Accessing the GPGPU Machine

Once you have successfully applied for an account on the testbed via SAFE, you can access the frontend node via a SSH connection to:

<username>@gpu.hector.ac.uk

Note : Your GPU password is not synchronised with your HECToR password

Hardware Details

Frontend node

The frontend node has a single quad-core Intel Xeon 1.87GHz cpu (E5502) and a single NVidia C2050 GPU card. Please note that the GPU card on the frontend is for debugging only - please do not run large production runs on the frontend node.

Compute nodes

Currently the testbed machine has four compute nodes connected by Quad-band Infiniband interconnects. All of the compute nodes have a single quad-core Intel Xeon 2.4GHz CPU (E5620) and 32 GB of main memory. Three of the compute nodes (gpu1, gpu2, gpu3) have 4 NVidia Fermi GPGPU cards installed and the remaining compute node (gpu4) has 2 AMD FirePro GPGPU cards installed. The layout is summarised in the table below.
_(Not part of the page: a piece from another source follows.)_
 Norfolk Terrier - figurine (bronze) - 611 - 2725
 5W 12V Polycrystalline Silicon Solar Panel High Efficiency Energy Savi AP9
Compute NodeCPUMain MemoryGPGPU Cards
gpu1Quad-core Intel Xeon 2.4GHz32GB4x NVidia Fermi C2050 (3GB Memory)
gpu2Quad-core Intel Xeon 2.4GHz32GB4x NVidia Fermi C2050 (3GB Memory)
gpu3Quad-core Intel Xeon 2.4GHz32GB1x NVidia Fermi C2050 (3GB Memory)
3x NVidia Fermi C2070 (6GB Memory)
gpu4Quad-core Intel Xeon 2.4GHz32GB2x AMD FirePro V7800

System Software and Compilers

The following software is installed on the testbed:

  • PGI 11 Compiler Suite - Includes support for CUDA Fortran and PGI Accelerator directives
  • GNU Compiler Suite
  • MPICH MPI Library (PGI and GNU versions)
  • Infiniband Verbs Library
  • NVidia CUDA Toolkit
  • ATI Stream Library
  • DDT Debugger with GPGPU support

Simulation Packages

If you have any requests for software packages to be installed on the system, please contact the HECToR Helpdesk.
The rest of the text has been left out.